▶ [YOUR TASK] Please copy exactly the part of the records below that opens with the line containing "Moses Lake, WA" and closes with the line containing "2018 Volkswagen Tiguan", leaving out any pictures.

▶ [SUPPLIED INFORMATION]

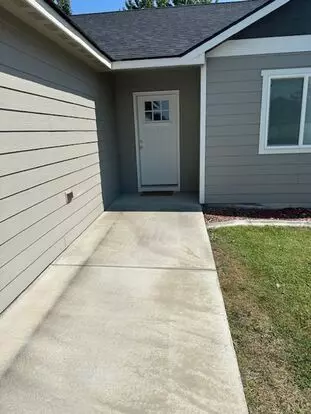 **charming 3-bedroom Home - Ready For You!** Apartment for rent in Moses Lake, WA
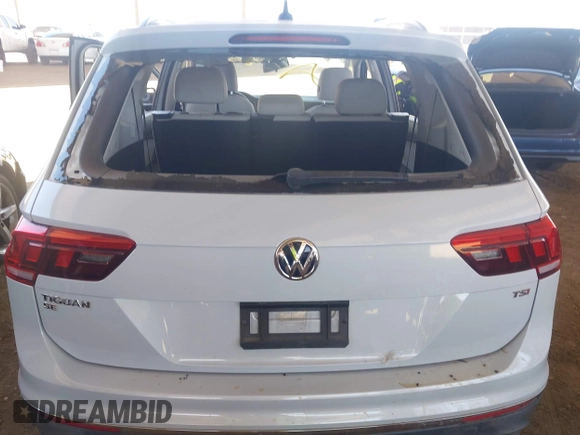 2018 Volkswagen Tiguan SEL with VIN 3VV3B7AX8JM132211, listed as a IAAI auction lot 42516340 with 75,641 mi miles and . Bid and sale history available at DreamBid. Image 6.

==

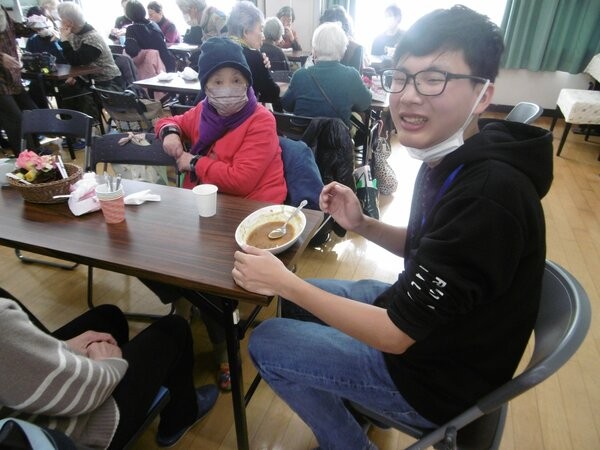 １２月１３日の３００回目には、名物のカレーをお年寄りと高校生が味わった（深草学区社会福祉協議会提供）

--

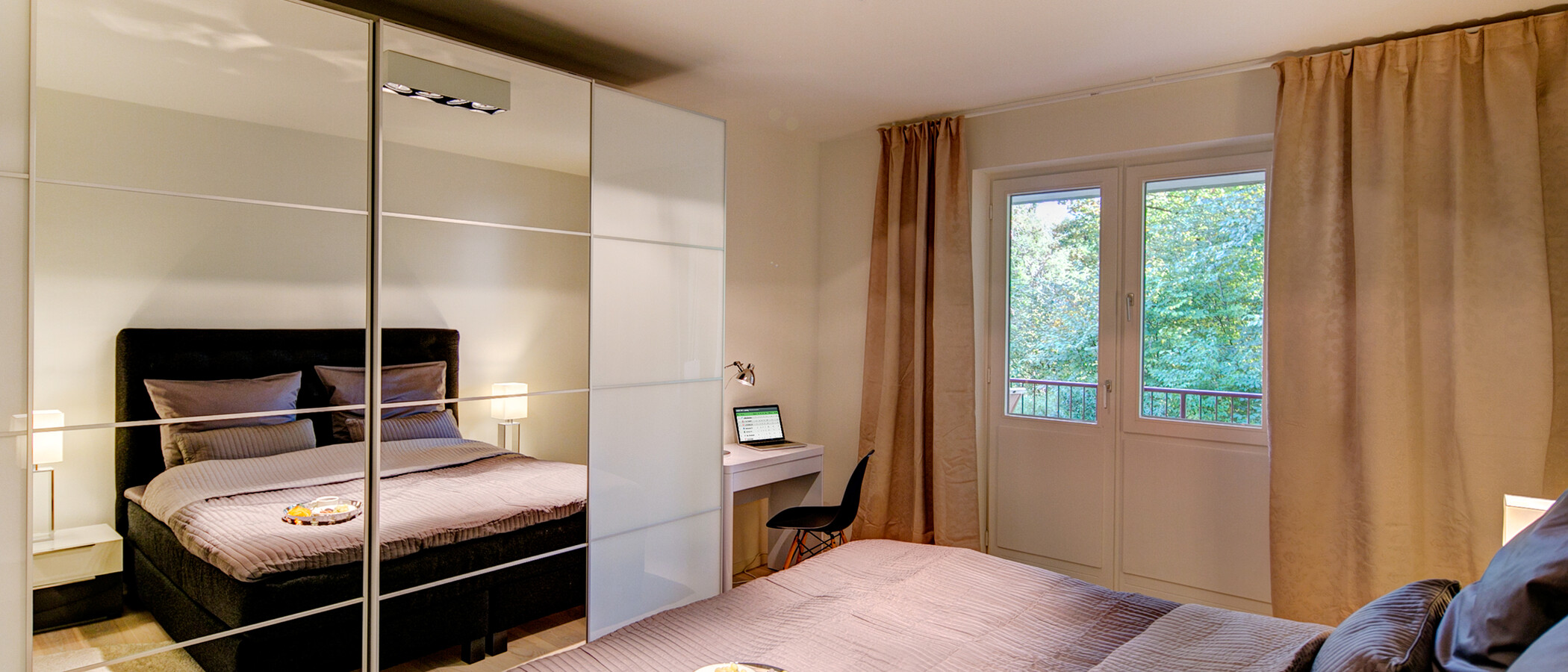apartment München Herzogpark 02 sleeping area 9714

▶ [OUTPUT OF THE EXERCISE]
 **charming 3-bedroom Home - Ready For You!** Apartment for rent in Moses Lake, WA
 2018 Volkswagen Tiguan SEL with VIN 3VV3B7AX8JM132211, listed as a IAAI auction lot 42516340 with 75,641 mi miles and . Bid and sale history available at DreamBid. Image 6.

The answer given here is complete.